Exercise instructions – This exercise requires an exact output of the listing, images omitted.

Data provided –
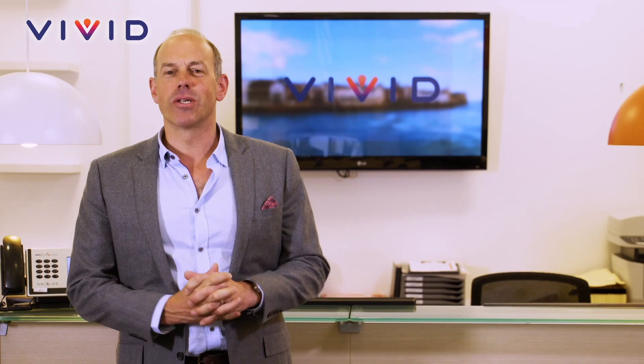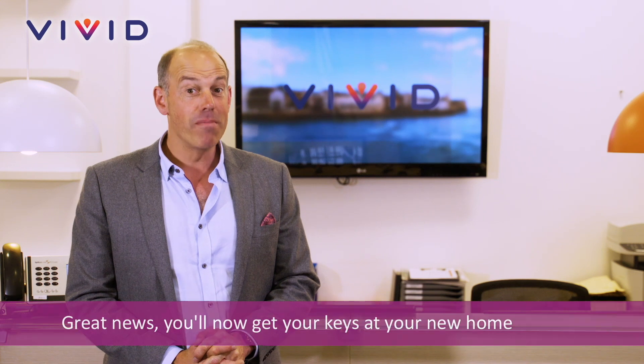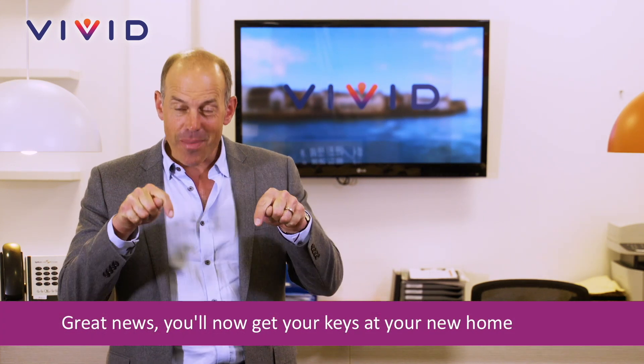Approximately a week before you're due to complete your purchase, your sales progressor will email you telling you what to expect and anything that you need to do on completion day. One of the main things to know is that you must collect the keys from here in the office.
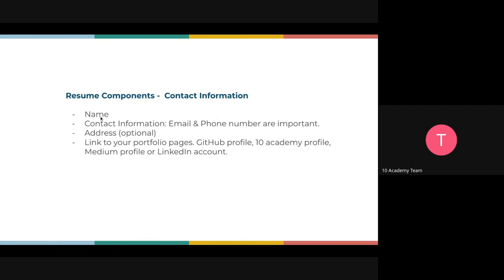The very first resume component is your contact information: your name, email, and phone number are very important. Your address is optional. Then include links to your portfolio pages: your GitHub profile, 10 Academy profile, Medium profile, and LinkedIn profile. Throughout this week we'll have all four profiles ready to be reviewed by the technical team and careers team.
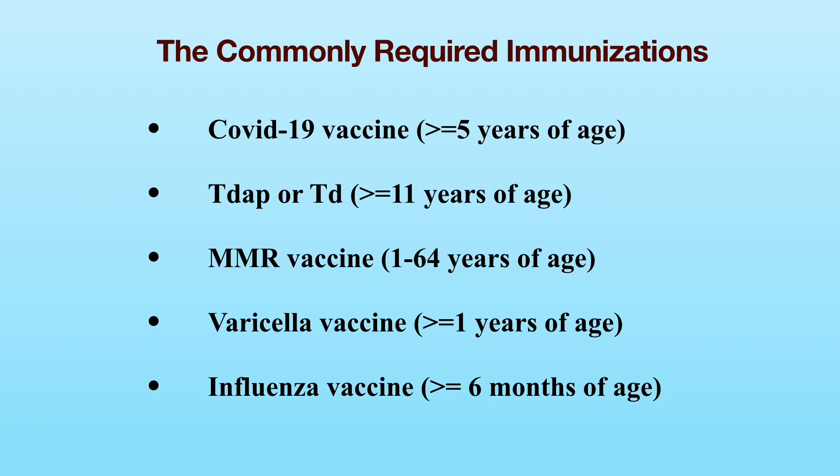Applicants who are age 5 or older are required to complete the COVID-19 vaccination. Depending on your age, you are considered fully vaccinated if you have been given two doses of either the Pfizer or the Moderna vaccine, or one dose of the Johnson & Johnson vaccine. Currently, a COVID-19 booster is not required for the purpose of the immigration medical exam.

Written solution –
Approximately a week before you're due to complete your purchase, your sales progressor will email you telling you what to expect and anything that you need to do on completion day. One of the main things to know is that you must collect the keys from here in the office.
The very first resume component is your contact information: your name, email, and phone number are very important. Your address is optional. Then include links to your portfolio pages: your GitHub profile, 10 Academy profile, Medium profile, and LinkedIn profile. Throughout this week we'll have all four profiles ready to be reviewed by the technical team and careers team.
Applicants who are age 5 or older are required to complete the COVID-19 vaccination. Depending on your age, you are considered fully vaccinated if you have been given two doses of either the Pfizer or the Moderna vaccine, or one dose of the Johnson & Johnson vaccine. Currently, a COVID-19 booster is not required for the purpose of the immigration medical exam.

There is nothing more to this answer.